The killings were widely depicted here and abroad as a consequence of the national security forces having encouraged vigilante justice to thwart the rebels in the highlands. Despite a prompt government-sponsored inquiry, headed by novelist Mario Vargas Llosa, the local military and court authorities took few measures to bring the killers to trial.

Meanwhile, the community of Uchuraccai virtually disbanded and most of its members were listed as killed or missing. Three were arrested, however, and a court now has sentenced them to six years to 10 years' imprisonment on homicide charges.

The three-judge court also ordered the indictment of Army Gen. Clemente Noel, who was in command of the Ayacucho emergency zone at the time of the massacre, for obstruction of justice and abuse of authority. The court said, "The Political Military Command did not have the slightest interest in investigating the Uchuraccai case or detaining" the suspects.

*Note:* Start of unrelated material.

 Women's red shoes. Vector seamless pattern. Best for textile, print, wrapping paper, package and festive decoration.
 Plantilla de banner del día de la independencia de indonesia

Vargas Llosa's internationally circulated report had indicated there was no direct military involvement in the case. The court's findings now question that conclusion and suggest a possible cover-up of evidence. Noel's case is now before a civilian court.

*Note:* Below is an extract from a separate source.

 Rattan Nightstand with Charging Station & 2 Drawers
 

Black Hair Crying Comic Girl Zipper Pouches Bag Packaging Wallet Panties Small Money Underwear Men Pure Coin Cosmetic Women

Although the Uchuraccai case arose before escalation of violence by the Shining Path in the central Sierra, a similar trail of frustration has followed law enforcement agencies' and the courts' efforts to get convictions of suspected terrorists.

Not up to the task

Government figures indicate that more than 5,000 people have been picked up on terrorism charges in the past seven years. Less than 100 have been convicted and are serving sentences, 300 await trial, and the rest have been released, human rights sources say.

Part of the difficulty in getting convictions is the flimsy evidence and investigative work done by the police, said Garcia Sayan. "Police write their reports with an eye on publicity and don't prepare the cases to stand up in court," he added.

Chief Justice of the Supreme Court Vicente Ugarte del Pino acknowledged recently that many cases of alleged terrorism had to be thrown out because they are based on confessions extracted under "physical or psychological duress" without the presence of prosecutors or defense lawyers.

Judges also complain that they are receiving death threats. In late February, two terrorists tried to blow up the car of Attorney General Cesar Elejalde.

Many in the police and the military clearly have lost confidence in the courts. Police officers currently are facing courts-martial for the killing of 100 inmates in cold blood at Lurigancho prison last June after a Shining Path-organized mutiny. A government official is reported to have said the police killed the prisoners because they would probably have been freed by the courts.

Reforms in the works

Congress is currently preparing a legislation along the lines advocated by President Garcia to improve the processing of terrorism cases. A major innovation is the establishment of special tribunals, copied after the Italian experience with the Red Brigades and the Mafia.

The bill's sponsors say it would allow judges and prosecutors to work more closely with police in investigating cases, provide for more specialization and speed proceedings. Judges and prosecutors assigned to these courts would get police protection and higher salaries. A lower-court judge currently makes about $400 per month.

The proposal for special tribunals has brought a sigh of relief from human rights advocates because the alternative, proposed by the most conservative judges and politicians, was to hand over all terrorism cases to courts-martial.

Human rights groups and the Catholic Church representatives say that the courts have been ineffectual in correcting human rights violations, which can range from arbitrary arrest to summary executions such as at the Lurigancho prison. A report by the United Nations Commission on Human Rights on Peru recently described the courts as "ill at ease with habeas corpus proceedings, which meet with lack of cooperation" from the military in the Ayacucho region.